Hi PyTorch community,

I have a Tesla V100-SXM2 with 32GB memory and get some oom issues when I try to run convolution on a huge input tensor.
Here is the script to reproduce my issue

import torch.nn as nn
import torch
module = nn.Conv2d(563, 3, kernel_size=3, stride=1, padding=1, device='cuda', dtype=torch.half)
W, H = 2048, 2048
input = torch.rand((1, 563, W, H), device='cuda', dtype=torch.half)
output = module(input)
print(torch.cuda.memory_summary())

I understand it is a very large tensor but when I half the tensor size to 1x563x2048x1024 Pytorch memory summary reports a peak usage of 4824 MB. Shouldn’t I be expecting around 9648 MB peak memory usage for 1x563x2048x2048? I tired sizes like 1x563x1024x1024, 1x563x1024x512, 1x563x512x512 and peak memory vs tensor size relationship is pretty linear there.
Here is the error I encountered:
torch.cuda.OutOfMemoryError: CUDA out of memory.

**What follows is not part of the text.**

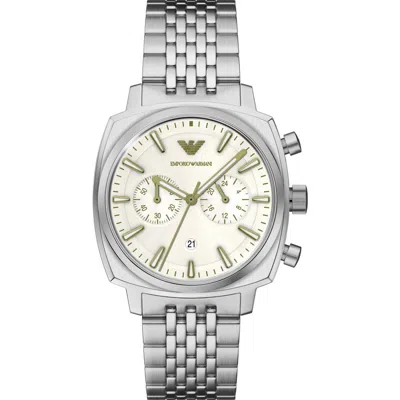 Emporio Armani Chronograph Bracelet Watch, 40mm In Silver/ivory/green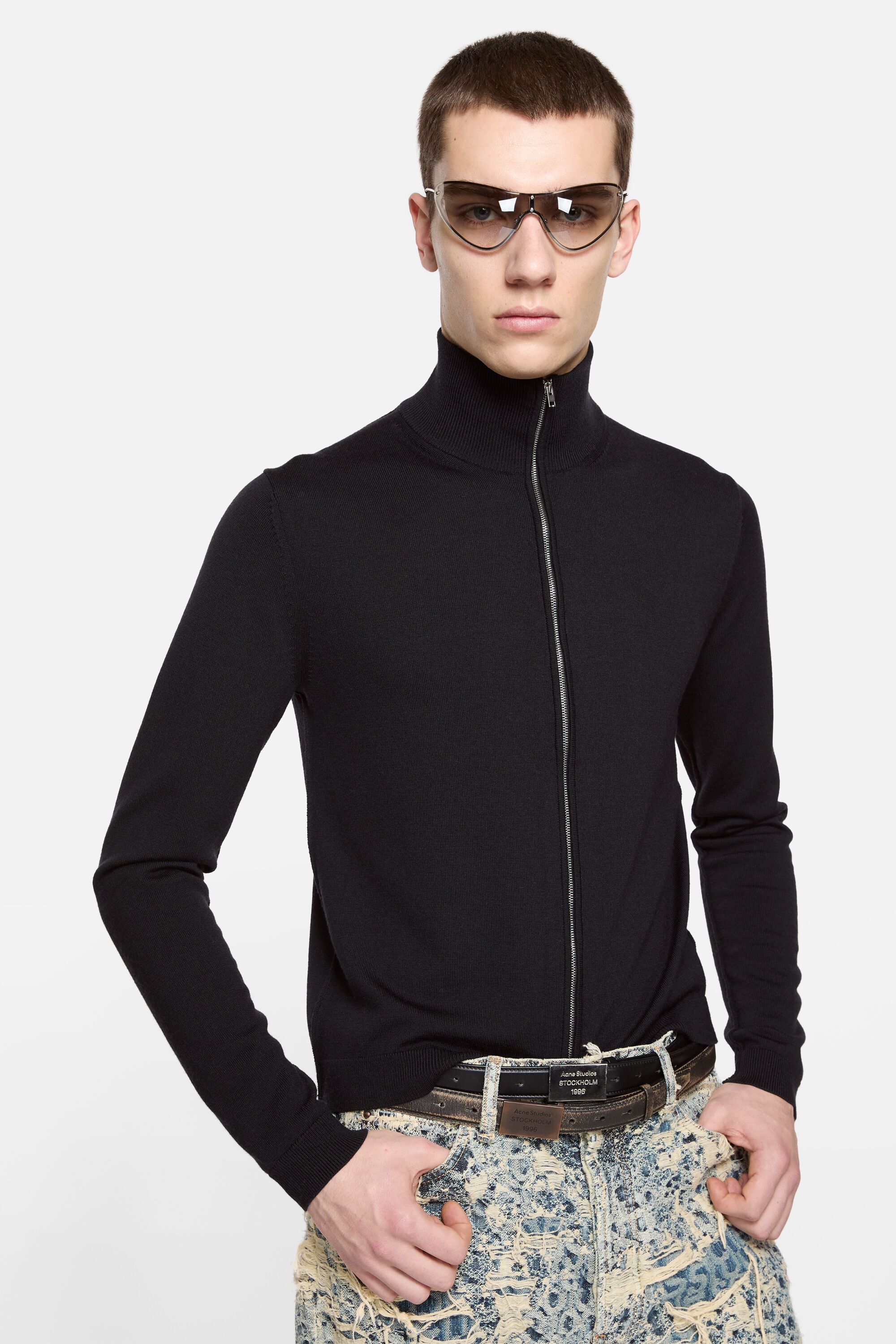 Zip up cardigan - Black - 4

Tried to allocate 39.59 GiB (GPU 0; 31.75 GiB total capacity; 4.42 GiB already allocated; 26.53 GiB free; 4.42 GiB reserved in total by PyTorch) If reserved memory is >> allocated memory try setting max_split_size_mb to avoid fragmentation. See documentation for Memory Management and PYTORCH_CUDA_ALLOC_CONF
Why does Pytorch tries to allocate so much memory? Is there a way to reduce memory PyTorch is trying to allocate if it doesn’t need so much?
Thank you!

You are correct that in theory the memory usage should scale linearly. However, you are crossing over a support boundary of cuDNN in your examples, namely 563x1024x1024x3 is smaller than INT_MAX, while 563x1024x1024x3 is greater than INT_MAX. Since cuDNN currently doesn’t support inputs with more than INT_MAX elements, this workload will be dispatched to a native “im2col” style implementation instead which will allocate much more memory to create the “col” tensor. We’ve requested support from cuDNN for these cases but don’t have an estimated completion date yet.

See e.g., this upstream issue for more details:

Thank you for your response. Do we now have a timeline for adding 64-bit indexing?